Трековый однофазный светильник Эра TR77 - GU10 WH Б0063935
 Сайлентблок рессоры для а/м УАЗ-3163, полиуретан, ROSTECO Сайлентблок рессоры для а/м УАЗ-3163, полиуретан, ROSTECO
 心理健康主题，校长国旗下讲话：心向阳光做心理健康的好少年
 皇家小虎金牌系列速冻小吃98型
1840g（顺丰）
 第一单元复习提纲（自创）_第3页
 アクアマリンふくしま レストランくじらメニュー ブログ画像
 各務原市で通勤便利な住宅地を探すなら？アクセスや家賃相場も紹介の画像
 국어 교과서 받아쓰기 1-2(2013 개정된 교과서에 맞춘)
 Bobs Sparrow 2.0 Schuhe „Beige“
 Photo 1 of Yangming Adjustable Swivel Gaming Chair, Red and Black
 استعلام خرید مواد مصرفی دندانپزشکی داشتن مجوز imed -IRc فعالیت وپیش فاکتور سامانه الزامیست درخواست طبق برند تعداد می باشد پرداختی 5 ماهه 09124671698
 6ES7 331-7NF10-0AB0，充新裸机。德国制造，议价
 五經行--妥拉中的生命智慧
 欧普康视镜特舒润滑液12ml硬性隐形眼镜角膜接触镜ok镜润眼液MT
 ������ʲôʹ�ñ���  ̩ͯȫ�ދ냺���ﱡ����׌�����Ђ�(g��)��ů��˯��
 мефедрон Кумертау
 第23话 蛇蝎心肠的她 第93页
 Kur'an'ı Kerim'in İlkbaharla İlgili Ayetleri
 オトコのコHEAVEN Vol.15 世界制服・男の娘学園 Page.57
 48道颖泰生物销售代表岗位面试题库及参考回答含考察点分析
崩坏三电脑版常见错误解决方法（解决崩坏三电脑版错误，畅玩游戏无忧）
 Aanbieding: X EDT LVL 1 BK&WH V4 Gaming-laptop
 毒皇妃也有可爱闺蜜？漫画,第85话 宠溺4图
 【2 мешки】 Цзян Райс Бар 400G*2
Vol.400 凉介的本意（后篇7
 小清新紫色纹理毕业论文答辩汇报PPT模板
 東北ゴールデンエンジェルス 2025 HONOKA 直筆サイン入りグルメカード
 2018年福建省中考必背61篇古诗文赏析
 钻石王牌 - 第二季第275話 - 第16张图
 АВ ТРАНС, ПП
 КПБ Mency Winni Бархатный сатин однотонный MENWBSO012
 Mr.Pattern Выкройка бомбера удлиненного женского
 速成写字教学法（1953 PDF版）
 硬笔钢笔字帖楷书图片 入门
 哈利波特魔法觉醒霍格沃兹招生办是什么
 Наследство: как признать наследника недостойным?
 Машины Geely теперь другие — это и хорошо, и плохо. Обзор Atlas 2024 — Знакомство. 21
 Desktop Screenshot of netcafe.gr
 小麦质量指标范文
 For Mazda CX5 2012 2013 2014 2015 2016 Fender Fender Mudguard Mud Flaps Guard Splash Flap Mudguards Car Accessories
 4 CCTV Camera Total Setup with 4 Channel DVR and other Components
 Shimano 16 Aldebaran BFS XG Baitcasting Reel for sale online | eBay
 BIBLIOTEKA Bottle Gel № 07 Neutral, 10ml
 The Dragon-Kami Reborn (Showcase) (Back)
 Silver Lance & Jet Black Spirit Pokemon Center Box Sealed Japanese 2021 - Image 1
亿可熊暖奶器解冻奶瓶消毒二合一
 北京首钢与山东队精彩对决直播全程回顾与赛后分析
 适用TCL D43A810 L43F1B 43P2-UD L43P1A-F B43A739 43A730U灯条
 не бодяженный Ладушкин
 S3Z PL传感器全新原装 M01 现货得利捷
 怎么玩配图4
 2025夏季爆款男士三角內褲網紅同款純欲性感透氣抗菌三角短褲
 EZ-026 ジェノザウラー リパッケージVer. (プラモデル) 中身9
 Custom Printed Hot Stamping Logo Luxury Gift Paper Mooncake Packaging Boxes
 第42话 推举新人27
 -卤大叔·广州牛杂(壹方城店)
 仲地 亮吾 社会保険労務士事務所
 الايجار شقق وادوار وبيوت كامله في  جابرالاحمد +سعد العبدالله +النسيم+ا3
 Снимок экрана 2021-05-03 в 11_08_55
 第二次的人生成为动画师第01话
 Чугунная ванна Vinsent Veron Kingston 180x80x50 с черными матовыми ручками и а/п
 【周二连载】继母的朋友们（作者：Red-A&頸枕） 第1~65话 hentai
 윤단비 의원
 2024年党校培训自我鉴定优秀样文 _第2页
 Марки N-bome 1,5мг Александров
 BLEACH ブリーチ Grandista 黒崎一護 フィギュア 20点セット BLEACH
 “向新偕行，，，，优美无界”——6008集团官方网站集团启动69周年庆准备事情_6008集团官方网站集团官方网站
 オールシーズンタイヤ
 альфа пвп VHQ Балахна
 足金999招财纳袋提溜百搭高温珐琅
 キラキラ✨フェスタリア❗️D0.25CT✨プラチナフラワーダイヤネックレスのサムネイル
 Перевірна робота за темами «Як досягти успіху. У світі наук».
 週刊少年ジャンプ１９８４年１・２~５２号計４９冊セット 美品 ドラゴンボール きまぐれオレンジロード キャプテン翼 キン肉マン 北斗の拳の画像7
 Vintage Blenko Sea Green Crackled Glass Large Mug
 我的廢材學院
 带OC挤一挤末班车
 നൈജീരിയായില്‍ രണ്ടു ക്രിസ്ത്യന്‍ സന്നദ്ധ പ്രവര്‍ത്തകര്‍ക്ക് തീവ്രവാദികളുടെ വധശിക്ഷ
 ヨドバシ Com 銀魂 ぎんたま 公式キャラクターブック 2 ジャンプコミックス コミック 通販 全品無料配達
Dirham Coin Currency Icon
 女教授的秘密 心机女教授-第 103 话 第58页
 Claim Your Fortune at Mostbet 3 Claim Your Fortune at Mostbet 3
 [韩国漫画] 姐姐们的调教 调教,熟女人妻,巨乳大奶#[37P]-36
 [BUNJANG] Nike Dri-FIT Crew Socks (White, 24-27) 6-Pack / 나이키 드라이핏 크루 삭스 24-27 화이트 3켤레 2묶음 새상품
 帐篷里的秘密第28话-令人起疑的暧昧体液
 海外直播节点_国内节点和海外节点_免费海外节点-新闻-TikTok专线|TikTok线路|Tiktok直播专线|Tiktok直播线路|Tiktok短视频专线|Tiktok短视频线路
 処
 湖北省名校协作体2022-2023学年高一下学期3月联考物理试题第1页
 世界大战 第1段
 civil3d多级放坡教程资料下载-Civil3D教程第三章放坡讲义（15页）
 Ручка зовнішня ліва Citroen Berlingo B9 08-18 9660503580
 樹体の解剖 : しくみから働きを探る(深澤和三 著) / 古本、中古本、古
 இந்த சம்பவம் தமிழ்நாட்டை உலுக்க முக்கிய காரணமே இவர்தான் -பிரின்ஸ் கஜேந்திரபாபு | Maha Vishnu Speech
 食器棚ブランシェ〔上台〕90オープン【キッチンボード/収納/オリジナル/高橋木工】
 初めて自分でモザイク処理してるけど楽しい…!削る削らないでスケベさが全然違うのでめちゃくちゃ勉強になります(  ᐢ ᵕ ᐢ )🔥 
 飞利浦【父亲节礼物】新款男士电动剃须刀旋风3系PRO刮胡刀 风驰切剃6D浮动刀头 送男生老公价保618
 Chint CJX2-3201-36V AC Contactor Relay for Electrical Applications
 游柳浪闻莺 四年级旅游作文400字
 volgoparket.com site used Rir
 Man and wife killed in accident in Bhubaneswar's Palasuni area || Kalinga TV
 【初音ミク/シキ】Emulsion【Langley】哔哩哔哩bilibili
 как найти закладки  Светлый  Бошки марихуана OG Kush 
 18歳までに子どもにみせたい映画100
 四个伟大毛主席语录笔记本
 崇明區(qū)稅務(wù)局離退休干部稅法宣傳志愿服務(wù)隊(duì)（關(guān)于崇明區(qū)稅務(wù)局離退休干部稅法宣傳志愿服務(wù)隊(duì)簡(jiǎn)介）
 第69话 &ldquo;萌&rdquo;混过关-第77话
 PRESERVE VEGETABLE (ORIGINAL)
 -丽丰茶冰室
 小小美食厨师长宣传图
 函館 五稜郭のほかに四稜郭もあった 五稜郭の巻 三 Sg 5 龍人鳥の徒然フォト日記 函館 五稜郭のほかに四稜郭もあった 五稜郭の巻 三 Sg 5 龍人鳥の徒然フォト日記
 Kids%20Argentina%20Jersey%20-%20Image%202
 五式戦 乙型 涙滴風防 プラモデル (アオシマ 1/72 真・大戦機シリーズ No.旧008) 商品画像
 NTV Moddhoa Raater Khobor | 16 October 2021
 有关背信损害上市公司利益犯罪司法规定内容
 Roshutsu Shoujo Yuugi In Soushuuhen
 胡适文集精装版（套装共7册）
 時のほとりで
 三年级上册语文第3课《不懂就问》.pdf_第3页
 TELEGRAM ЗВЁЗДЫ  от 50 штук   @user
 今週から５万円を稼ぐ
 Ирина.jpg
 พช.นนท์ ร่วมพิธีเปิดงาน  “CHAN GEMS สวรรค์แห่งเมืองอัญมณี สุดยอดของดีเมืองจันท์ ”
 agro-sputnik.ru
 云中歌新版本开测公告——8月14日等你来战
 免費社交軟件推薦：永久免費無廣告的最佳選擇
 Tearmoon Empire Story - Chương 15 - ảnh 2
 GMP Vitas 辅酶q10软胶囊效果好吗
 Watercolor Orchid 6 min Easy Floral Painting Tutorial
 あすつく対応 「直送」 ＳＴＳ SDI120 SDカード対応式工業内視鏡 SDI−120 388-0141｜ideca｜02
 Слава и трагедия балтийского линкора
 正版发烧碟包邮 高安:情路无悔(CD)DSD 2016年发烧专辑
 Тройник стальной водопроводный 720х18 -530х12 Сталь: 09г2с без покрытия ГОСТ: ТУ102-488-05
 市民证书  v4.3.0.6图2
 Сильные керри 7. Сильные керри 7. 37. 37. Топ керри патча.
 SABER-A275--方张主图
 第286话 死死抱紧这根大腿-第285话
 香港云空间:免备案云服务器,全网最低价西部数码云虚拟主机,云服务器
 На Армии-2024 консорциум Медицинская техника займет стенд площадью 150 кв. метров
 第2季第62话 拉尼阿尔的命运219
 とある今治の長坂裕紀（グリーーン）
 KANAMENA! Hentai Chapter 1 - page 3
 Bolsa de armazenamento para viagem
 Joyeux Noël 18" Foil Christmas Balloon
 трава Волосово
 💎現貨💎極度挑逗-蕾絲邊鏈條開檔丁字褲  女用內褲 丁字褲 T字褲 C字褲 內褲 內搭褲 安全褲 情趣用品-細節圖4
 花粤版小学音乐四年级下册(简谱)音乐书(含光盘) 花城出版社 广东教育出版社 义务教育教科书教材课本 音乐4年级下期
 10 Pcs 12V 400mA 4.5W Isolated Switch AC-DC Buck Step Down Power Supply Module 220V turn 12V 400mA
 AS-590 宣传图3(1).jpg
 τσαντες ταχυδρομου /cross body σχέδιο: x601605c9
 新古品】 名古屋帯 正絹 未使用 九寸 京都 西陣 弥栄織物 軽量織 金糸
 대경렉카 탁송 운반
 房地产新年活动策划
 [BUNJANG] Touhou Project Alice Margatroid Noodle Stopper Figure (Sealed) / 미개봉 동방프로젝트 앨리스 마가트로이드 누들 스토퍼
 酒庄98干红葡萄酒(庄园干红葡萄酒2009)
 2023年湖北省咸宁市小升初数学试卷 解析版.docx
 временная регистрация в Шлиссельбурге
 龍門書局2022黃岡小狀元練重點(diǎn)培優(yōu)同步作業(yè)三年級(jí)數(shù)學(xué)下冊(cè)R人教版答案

**The problem**:
Report each line of the material above where the word "Gaming" appears.

**Answer below**:
 Photo 1 of Yangming Adjustable Swivel Gaming Chair, Red and Black
 Aanbieding: X EDT LVL 1 BK&WH V4 Gaming-laptop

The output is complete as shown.